Cette conception fondamentale qui consiste à partir de l’idée d’être en général, de l’être absolu, a beaucoup d’analogie avec celle qui sert de point de départ à un illustre philosophe italien, peu connu en France, l’abbé de Rosmini[1]. Il est vraisemblable que, dans le cours de son voyage à Rome, Lamennais y a vu Rosmini, comme il vit plus tard Schelling à Munich ; et sans doute il causa philosophie avec l’un comme avec l’autre. L’influence de Schelling est sensible dans sa doctrine et dans son œuvre, comme nous allons bientôt le voir ; celle de Rosmini nous paraît également manifeste dans le choix de son principe.

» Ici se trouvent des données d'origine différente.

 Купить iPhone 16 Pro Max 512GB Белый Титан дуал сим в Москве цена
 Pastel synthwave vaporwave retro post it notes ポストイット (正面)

En passant de l’idée d’être à l’idée de Dieu, nous passons, suivant Lamennais, du même au même : car Dieu n’est autre chose que l’être. Donc inutile et impossible de démontrer Dieu. Comment démontrer l’être sans le supposer ? Cette notion ne s’appuie que sur elle-même ; « on ne peut la déduire de rien, et quand on croit remonter vers elle, elle est encore le point d’où l’on part. » Mais si on ne peut démontrer Dieu, on ne peut le nier. Car comment nier l’idée d’être ? Il n’y a pas d’athée. Le véritable athée serait celui qui dirait : « Il n’existe rien. » Cependant, il ne faut pas confondre la notion de Dieu et la notion d’être : « Dieu est l’être infini considéré, soit dans ses rapports avec les êtres finis, soit dans ce que sa propre essence renferme à la fois de nécessaire et de distinct. » C’est là une vue personnelle de Lamennais, analogue à celle qui était également et dans le même temps émise par Schelling dans sa

  1. Nous espérons connaître bientôt avec plus de précision la philosophie de Rosmini. Un professeur de philosophie du collège Stanislas, M. Segond, vient de nous donner le premier volume d’une traduction, dont nous attendons la suite avec impatience.